Don’t Be Dull And Dusty

Concentrate on your audience and you can’t go wrong.

Sometimes you see a confident presenter really bomb.  It doesn’t happen all that often, but when it does, the contrast is vast.  If they are totally hopeless as their default mode as a speaker and they bomb, well that is understandable.  But a competent presenter bombing shouldn’t occur.  It did and I was wondering what did I just see?  Where did our speaker go wrong?

 

Comedians have this same problem – no one laughs at their jokes and there is not much camouflage for them to hide behind, when all they have is a microphone stand on a stage.  Being in the limelight, at the podium, on stage, up on the dais is a high pressure location.  When you are revealed to everyone as a flop, all your desperate attempts to refloat the Titanic make the whole thing seem even more preposterous, pointless and pathetic.

 

In this case, there wasn’t even a good recognition that things were rapidly going south.  It was only at the end, when it was too late to do anything about it, that the speaker realised he had bombed completely.  The tepid applause reaction at the end was a give away.  The stunning lack of questions a more immediate one.  The whole apparatus of the talk collapsed in on itself, under the weight of its own immense ineptitude.

 

The key issues were a misreading of the audience and an astounding arrogance.  The audience had been lured to the venue with bold promises of goodness and light.  The content just wasn’t good enough to back up the advertising and the audience spotted the gaping gap straight away.  They were there for answers.  There weren’t any and they knew it.

 

The arrogance was an assumption about the speaker’s credibility being sufficient to justify the content of the presentation.  When we emphasise our many years in business, we are aiming for increased credibility, linked back to our stupendous track record.  We have stood the test of time etc.  Our speaker had not properly prepared the presentation.  He gave it a “once over lightly” treatment, because of his supreme confidence in his ability to deliver any talk.  He was a very good speaker and a highly competent presenter.  He thought his previous track record stood for itself. The only problem was the content of this talk was rubbish.

 

We all tread a fine line with the longevity thing.  Track record, sustained over many, many years is a credible thing for the audience.  The main concern is that the whole affair may be perceived as dusty and dated.  We are always being fed the new and greatest, latest best thing.  Business fad books come and come and come.  The old ones are taken out the back and quietly disappeared, shredded in fact.

 

When we talk about the good olde days, we like it because we were there, but the audience only cares about what is relevant for them.  We have to be skilled to make it feel fresh again, new and connected to their current business reality.  Plato is olde but still gets quoted all of the time, so olde doesn’t have to be irrelevant.
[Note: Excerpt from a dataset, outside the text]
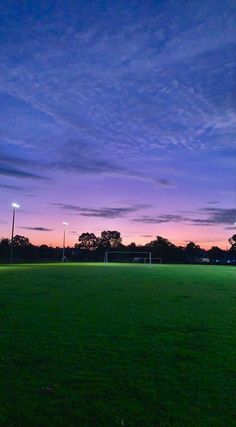 an empty soccer field at dusk with the sun setting in the distance and some lights on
Our speaker failed in that regard.  I said arrogance and this is the bit that hurts.  Our pride in our track record can make us blind to the fact that people don’t really care all that much.  We like strolling down memory lane, but so what? We arrogantly assume that what we did was important.  Wrong.  Where is the direct and useful link to the audience’s current problem right now?  We have to keep building that vibrant connection.  Our successes in the past help us to prepare for our future.  Our failures in the past, help us to prepare for our future.  We can draw from both to create content that resonates with our audience.

 

This is the skillset needed in a business presentation.  Getting the audience need properly understood, suspending what we like to talk about and instead focusing on what the audience is keen to know about is our task.  If we fail to get that balance right, we can come across as dated and dull.  This is what happened to our speaker.  He delivered a brilliant, heartfelt rendition of his past glories and achievements, without effectively connecting to the audience’s concerns of today.

 

I am getting older too, so I took copious notes from this speech on what not to do, if I am ever tempted to talk at length about my good olde days.  I think we should all avoid that temptation too.  Concentrate on your audience and you can’t go wrong.